‘Many will rant and rave against the garment fate has woven for them, but they pick it up and don it all the same, and most wear it to the end of their days. You… you would rather go naked into the storm.’
As my Robin Hobb reviews tend to be overly gushy, I thought I would review them as a trilogy, so any readers out there who aren’t fussed on fantasy can skip over this one! I really enjoyed one reviewers point that it only takes two readings for these books (that are huge by the way) to look battered. Me and the bloke mostly read these on holiday in Portugal so they really suffered from being stuffed in bags, and half buried in sand (and wine). I briefly wondered whether they could have been a quartet instead of a trilogy, but the stories work so well in the current format. So I will accept the size and the wrist-ache that came from reading them one after the other.
There was some googling required after finishing the Farseer series; it seems that some people crack straight on with the Tawny Man Series, which follows on from Farseer. But I was well-convinced that it was worth leaving Fitz behind for a while, to focus on Bingtown and its inhabitants. If anyone else is debating this, it seems a matter of preference. Some people enjoyed taking a break from the intensity of the Farseer storyline, and others were so into it they wanted to jump forward and then come back to Liveships. I’m a purist, so always want to read things in the way that the author intended.
There are wayyyy to many story-lines to begin to even touch on them (think Game of Thrones style, multiple plots that cross-over) but one of the significant plotlines is around the Liveships, a concept that I have never read about in fantasy books before. The Liveships are sentient ships, that are owned by trading families, and infused with the memories of their Captains. Its just fascinating, and develops in fantastic way over the trilogy.

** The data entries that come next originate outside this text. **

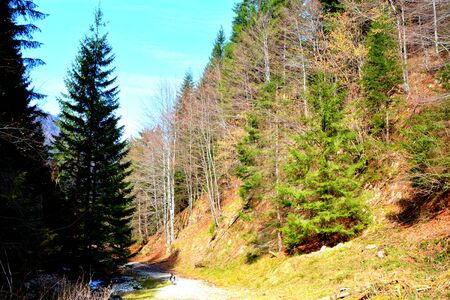 Piatra Craiului in Carpathian Mountains, Transylvania. Typical landscape in the forests of  Romania. Green landscape in spring, in a sunny dayの写真素材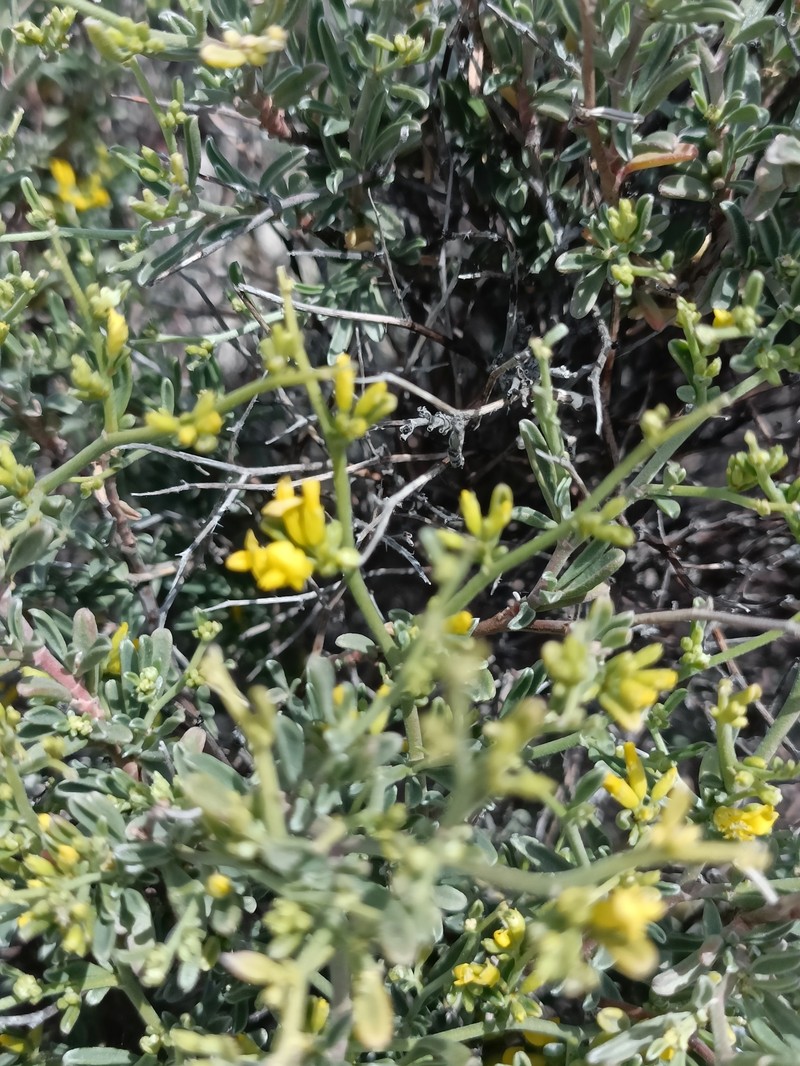 Anthyllis hermanniae subsp. hermanniae photo 4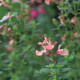 Salvia microphylla 'Aphrodite'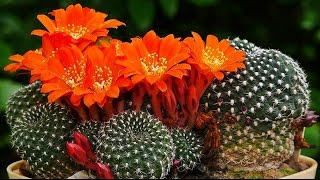 Rebutia Blüten [upl. by Dodge]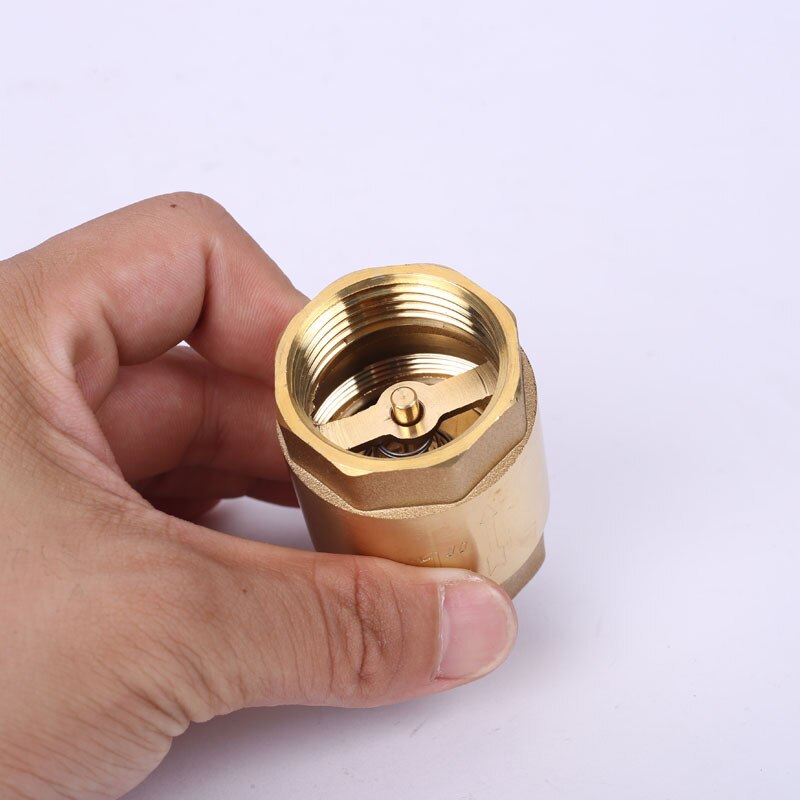 Brass In Line Spring Check Valve Thread One Way Ch Grandado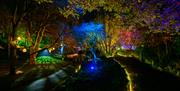 Grove Park trees lit up (photo by Paul Blakemore)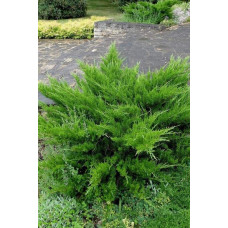 Ялівець середній / пфітцеріана Мінт Джулеп | Juniperus media / pfitzeriana Mint Julep | Можжевельник средний / пфитцериана Минт Джулеп
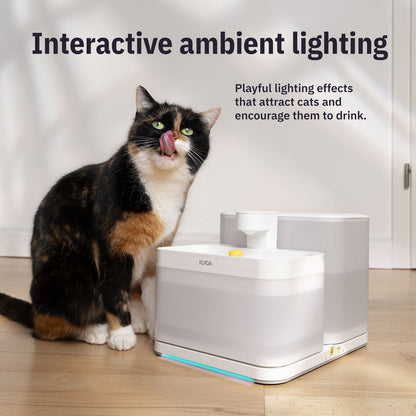 Welly – Smart Cat Drinking Fountain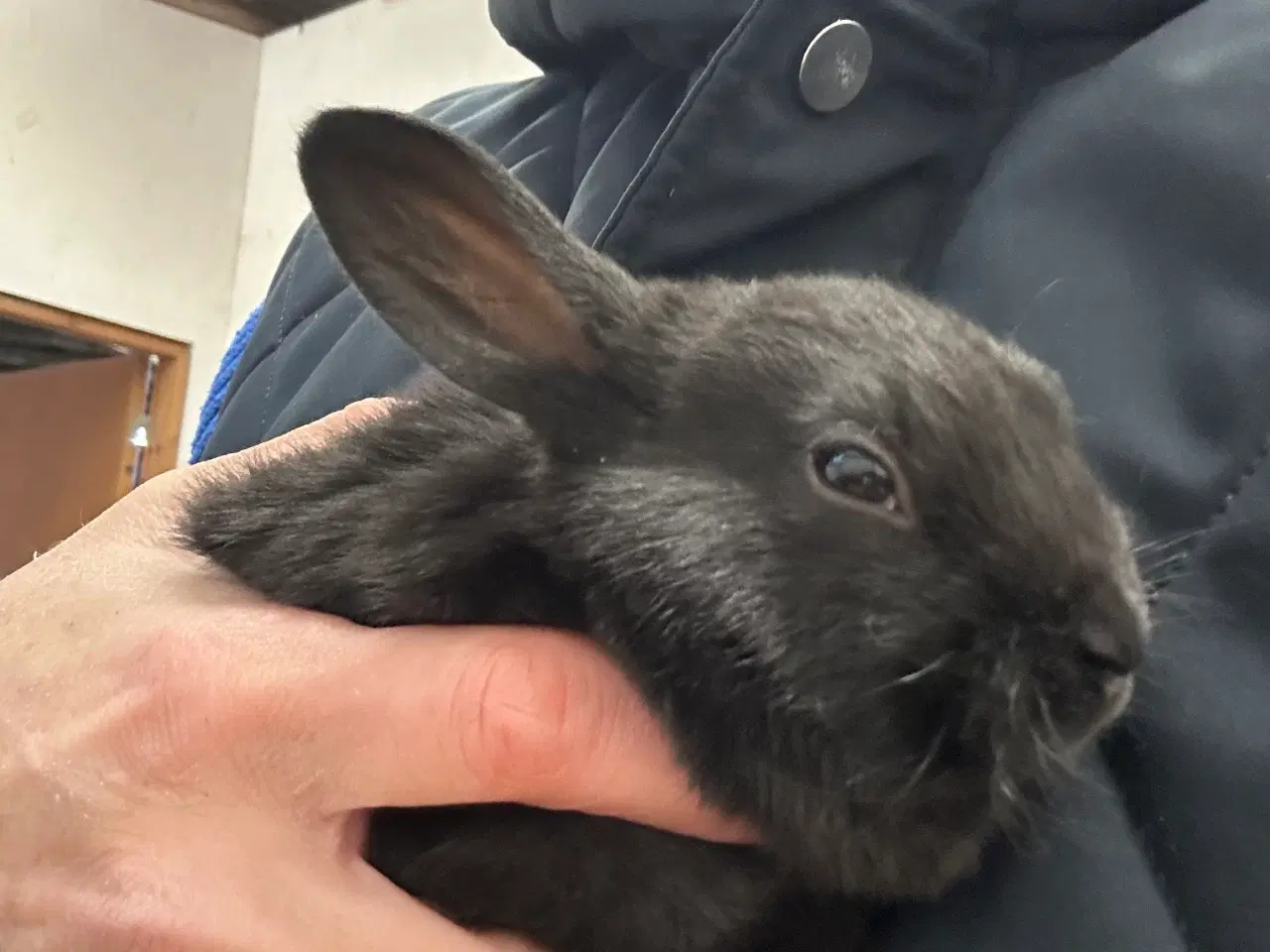 Billede 2 - Kanin unger , rex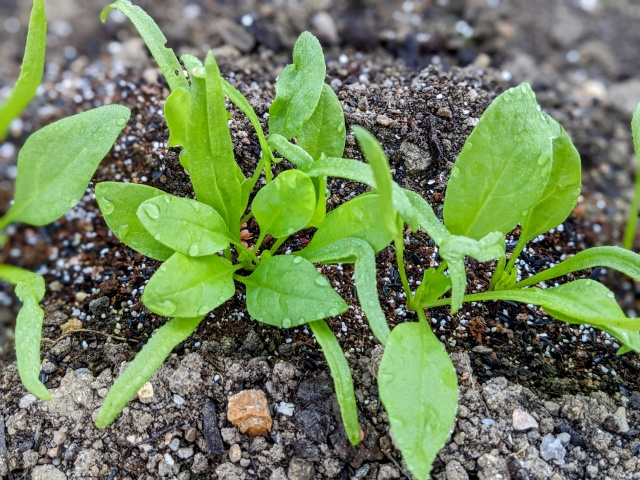 ほうれん草の細長い双葉と、その間から育つ本葉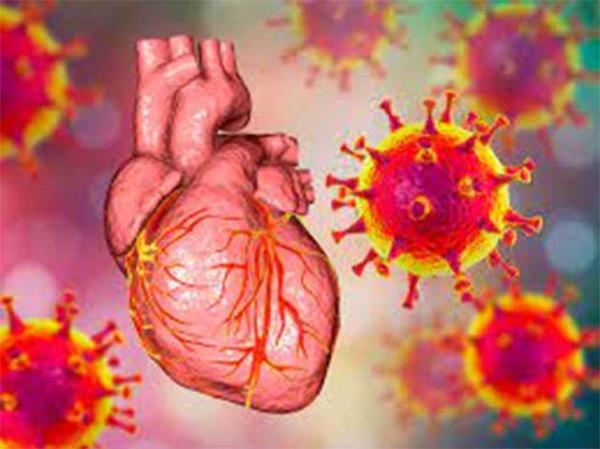 研究:来自冠状病毒阳性供体的心脏移植似乎是安全的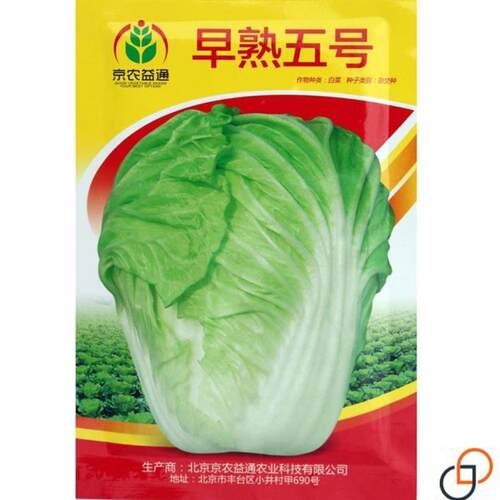 早熟5号大白菜种子 50天采收蔬菜种子农家菜园大田四季蔬菜籽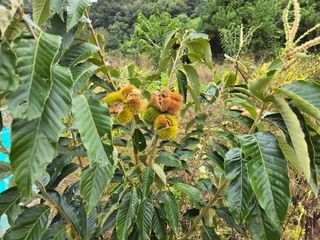 농막쥔님의 자유주제 · 자유게시판 작성글 사진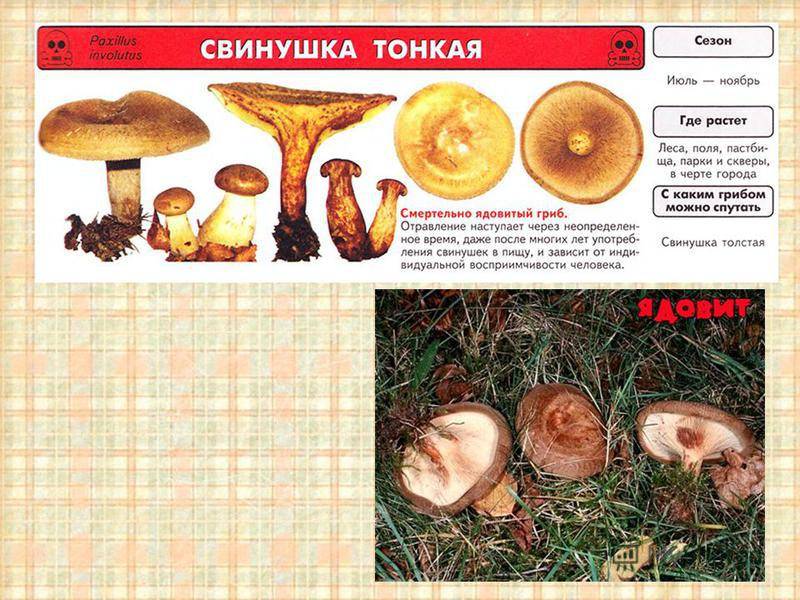 Свинухи - фото, описание и как готовить. гриб свинушка: польза и вред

I also loved that this trilogy was fantasy-at-sea. I always loved the sections of the Earthsea Quartet by Ursula Le Guin where Ged, the hero, travels around the islands of the archipelago. So this felt a little like coming home. It makes it quite low-level fantasy, particularly in the first book, but is handled deftly and with respect to an audience that is looking for some magic.
Other themes include morality, seeking refuge, family, class, race, rule, gender roles and expectations, tradition and obligation. But Hobb doesn’t smash you over the head with any of these, and doesn’t present a black and white view of any of them.
As with the Farseer series, this trilogy is heavily character driven, introducing us to some of the most wonderfully complex, frustratingly flawed characters. One reviewer points out Hobbs use of perspective, with the action being seen through one characters eyes at at time, you can find yourself constantly switching allegiance. Its a classic example of there being numerous sides to every story, and is refreshing in this format, allowing the reader to empathise with all of the characters and the decisions that they make. I surprised myself by doing a full 180 degree turn on one character, and I am very stubborn. Althea is a wonderful main character; spirited, flawed, and rallying against a society that would have her playing a role she can’t bear the thought of.
Hobb manages to retain enough mystery to keep you rapt until the last page, with many of the twists and turns coming out of the blue (for me at least). There was one reveal that I genuinely didn’t notice until another Hobbnobb pointed it out to me. Goddamn my skim-reading. To me, it is faultless writing. Unlike the Farseer trilogy where I found the pacing a bit patchy between the first and second books, this trilogy I found to be more consistently paced. I’m just grateful that I was mostly reading them on holiday because I really couldn’t put them down. I also had some very epic serpent-related dreams!
The trilogy ends in a particularly satisfying way, which is no mean feat when you consider the intricate story-lines that have been woven. I found the ending less emotionally exhausting than the end of the Farseer trilogy, but this is perhaps to be expected when you are reading the fates so many characters from their own perspectives, rather than the main character narrative of Fitz.
I really couldn’t recommend these highly enough, even if you’re not a huge fan of the genre. If you’re into escapism and strong narratives, then the Livership Traders trilogy is a great place to start that journey.